Agency Law (a lot derived from case law)
· Business Organization Statutes—tell who has authority for an organization
· Types of Authority:
o Actual Authority: asks what the agreement is between the agent and the principle
§ Barton v. Snellson
· Lawyer (agent) accepted settlement from insurance company—client unhappy b/c didn’t want to accept settlement
· General Rule: lawyer must have actual, express authority to bind a client to a settlement (fact that lawyer is representing client is not express or actual authority)
o Exceptions:
§ Leffler: previous precedent that once lawyer says they have authority the burden shifts the client/principal to rebut that authority (prove they never gave authority)
· Holding: Aberration from general rule: agent acted enough like had authority and Barton’s couldn’t prove agent didn’t have authority, so Barton’s lost case
o Implied Authority: what would be expected that the agent could b/c of the type of agreement
§ IOS Capital v. Allied Mortgage
· Branch manager signed a 1 yr. lease agreement w/ IOS for copier, employment contract said he needed to get a copier but it also said had to have all contracts approved by home office
· General Rule: implied authority is actual authority which the principle intended the agent to possess that lacks direct proof, but rather is implied from relevant facts and circumstances as reasonably necessary to accomplish the purpose of the expressly conferred authority.
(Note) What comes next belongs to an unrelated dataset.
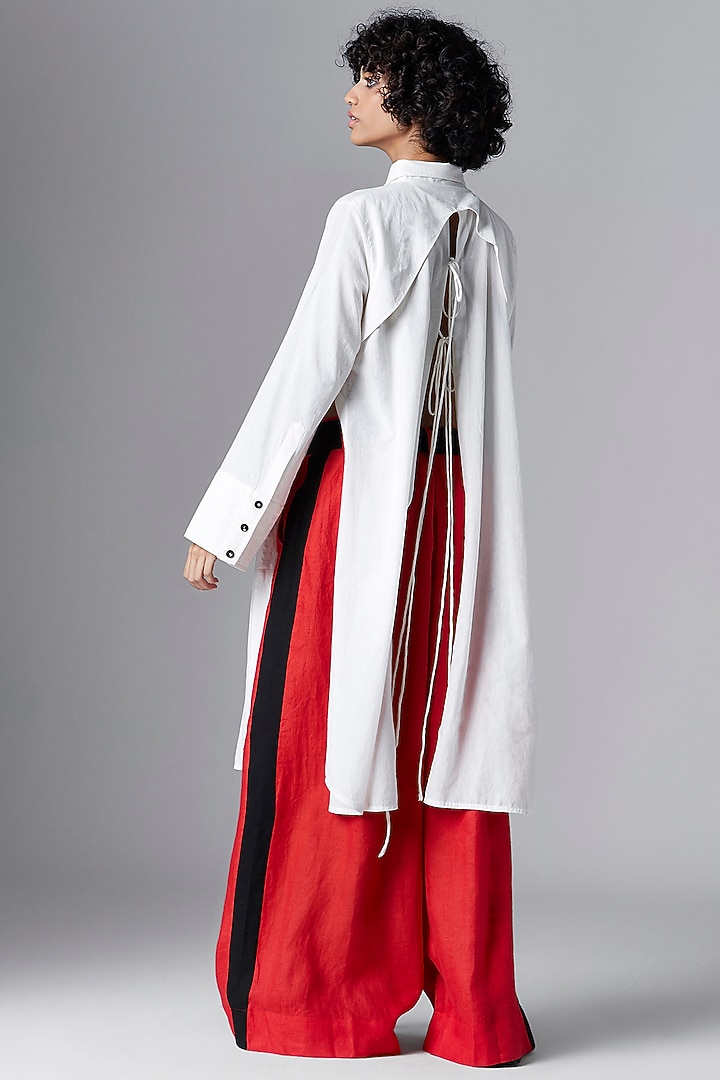 Light Red Linen Trousers by Chola at Pernia's Pop Up Shop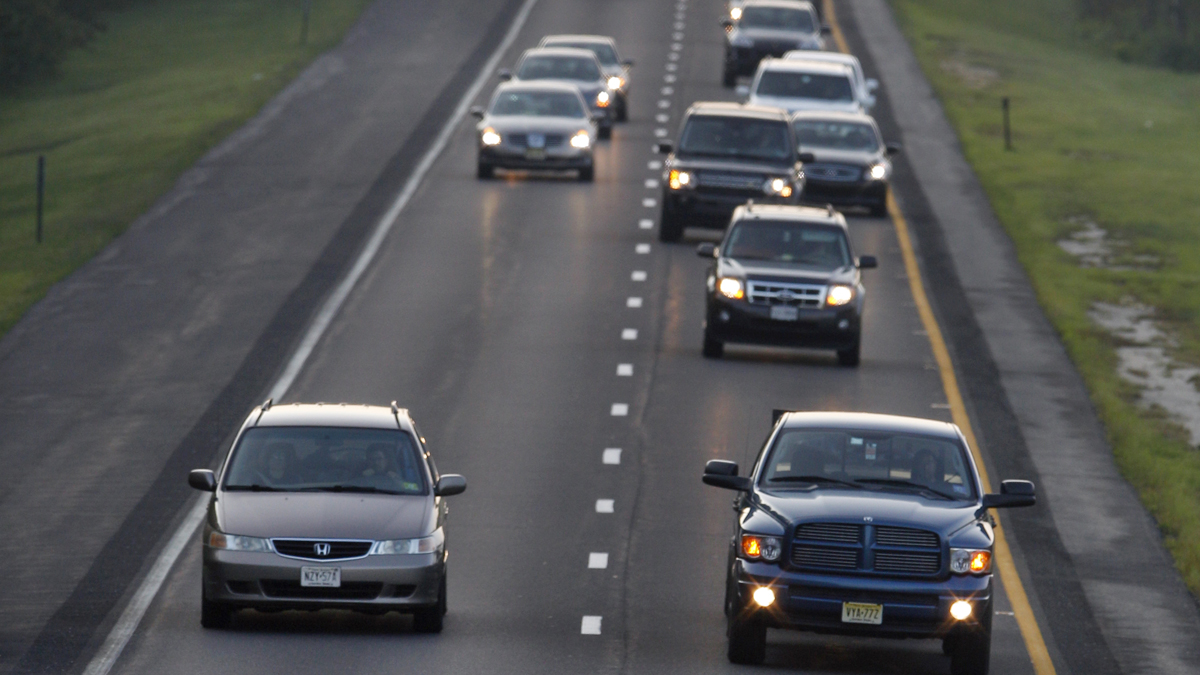 The westbound lanes of the Atlantic City Expressway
o Implied authority concerns only the extent of an express authority actually granted
o If agent does not have actual authority, then no authority can be implied
· Holding: b/c the employment contract said that the branch manager did not have authority to enter into contracts on behalf of the Allied Mortgage, there was no actual authority and b/c no actual authority, you can’t imply authority
o Kind of strange b/c manager got a copier, which would seem like something a manager should be able to do
o Apparent Authority:
§ Hamilton Hauling v. GAF Corp.
· Agent enters into contract w/ woodchip company to have deliveries made for several years (agent did not have authority to enter into contracts for the duration or the amount)
· General Rule: what did the principle make the 3rd party believe?
o When a principal holds out another as possession certain authority, thereby inducing others reasonably to believe that authority exists, the agent has apparent authority to act even though as between himself and the principal, such authority has not been granted.
o Apparent authority differs from actual authority in that the principal communicates directly w/ a 3rd party to create apparent authority; to create actual authority, the principal communicate directly w/ the agent.—fact that agent said they have authority is immaterial, principal must do something to make 3rd party believe agent has authority
· Principal can manifest authority (“hold out another”)
o Expressly stating to 3rd party that principal has authority
o Previous Dealings: if the agent as done this type of dealing previously
§ Best Evidence: if pervious dealing w/ same 3rd party—previous relationship
o Title or Position: if the title or position the agent holds is something that the “community” would generally believe a person in that position has the authority
· Holding: no actual or apparent authority—fact that agent said they had the authority is immaterial
· Termination of Agency Relationship
o P has duty to make some kind of notice of termination
§ Could be a publication—publication must be reasonable however
§ Could actually contact other party and say agent no longer has authority
· Liability
o Disclosed Principal: Agent is not bound to contract b/c contracting party knows principals existence and identity
o Undisclosed Principal: Agent can be bound to contract b/c contracting party does not know of principal’s existence or identity (3rd party needs someone to go after)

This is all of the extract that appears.